Piero, all’anagrafe Pietro, è nato a Licata il 1° gennaio 1945. Entrato in magistratura il 5 novembre 1969, è stato pretore a Barrafranca (Enna) fino al settembre 1972, quando venne trasferito alla Procura di Palermo, luogo chiave della sua vita e della sua carriera. Per 12 anni è stato sostituto procuratore, trovandosi per le mani indagini scottanti come quella sull’omicidio di Piersanti Mattarella, fratello dell’attuale presidente.
Giudice a latere nel maxiprocesso a Cosa Nostra – apertosi il 10 febbraio 1986 e conclusosi il 16 dicembre 1987 con 19 ergastoli e 2.665 anni di reclusione – scrisse una monumentale sentenza di 7.000 pagine articolate in 37 volumi. Nel febbraio 1989 venne nominato consulente della Commissione parlamentare Antimafia, sotto la Presidenza di Gerardo Chiaromonte e, poi, di Luciano Violante.

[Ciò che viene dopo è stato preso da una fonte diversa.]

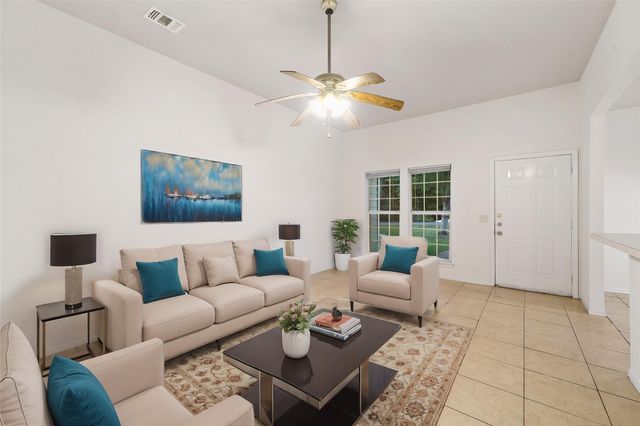 5502 Finch Street B, Houston, TX 77028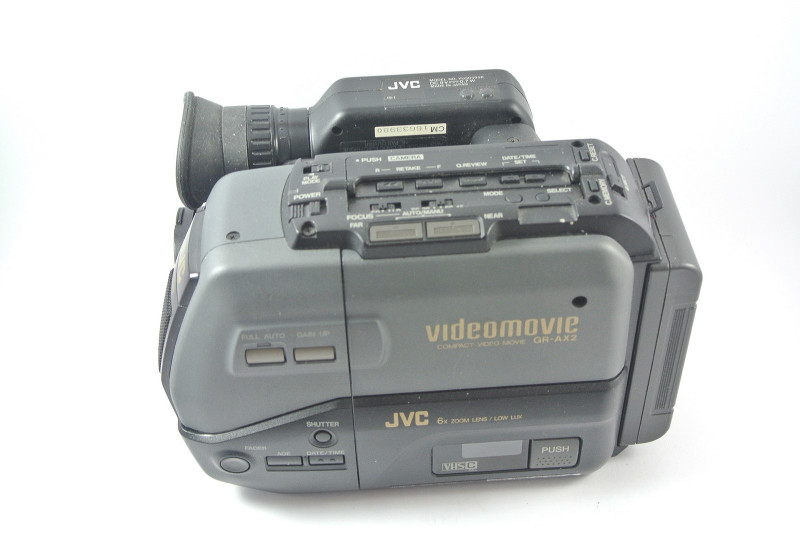 JVC VIDEO MOVIE GR-AX2 Compact VHS C-VHS Pal Camcorder & Case *UNTESTED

Nel 1991 Giovanni Falcone lo volle con sé al Ministero della Giustizia. Dopo la strage di Capaci del maggio 1992, prese il posto di Falcone come componente della Commissione Centrale per i programmi di protezione di testimoni e collaboratori di giustizia. Nel gennaio 1993 passò alla Procura Nazionale Antimafia, collaborando alle indagini che portarono alla cattura di Leoluca Bagarella.

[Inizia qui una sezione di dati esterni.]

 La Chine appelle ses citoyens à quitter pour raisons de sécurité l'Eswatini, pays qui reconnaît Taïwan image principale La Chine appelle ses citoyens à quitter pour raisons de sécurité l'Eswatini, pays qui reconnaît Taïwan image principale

Nel maggio 1999 fu nominato, dal procuratore Pier Luigi Vigna, procuratore nazionale antimafia aggiunto. Un ruolo ricoperto fino al 5 agosto 1999, quando venne mandato a dirigere la Procura di Palermo. Sotto la sua direzione sono state eseguiti 1.779 arresti per mafia, catturati 13 latitanti – tra i 30 dei più pericolosi – ottenuti 380 ergastoli e centinaia di condanne per migliaia di anni di carcere. Sequestrati beni per circa 12.000 miliardi di vecchie lire.
Nel 25 ottobre 2005 venne nominato Procuratore nazionale antimafia. L’11 aprile 2006, a conclusione di una strategia investigativa già iniziata quando era a capo della Procura di Palermo si è giunti, dopo 43 anni di latitanza, alla cattura di Bernardo Provenzano. Nell’autunno del 2014 il suo incarico di Procuratore nazionale antimafia si sarebbe concluso e sarebbe potuto restare in magistratura sino al primo gennaio 2020, nel dicembre 2012 decise di dare le dimissioni irrevocabili dall’ordine giudiziario, quando fu candidato nelle liste del Pd al Senato, alle elezioni del 2013.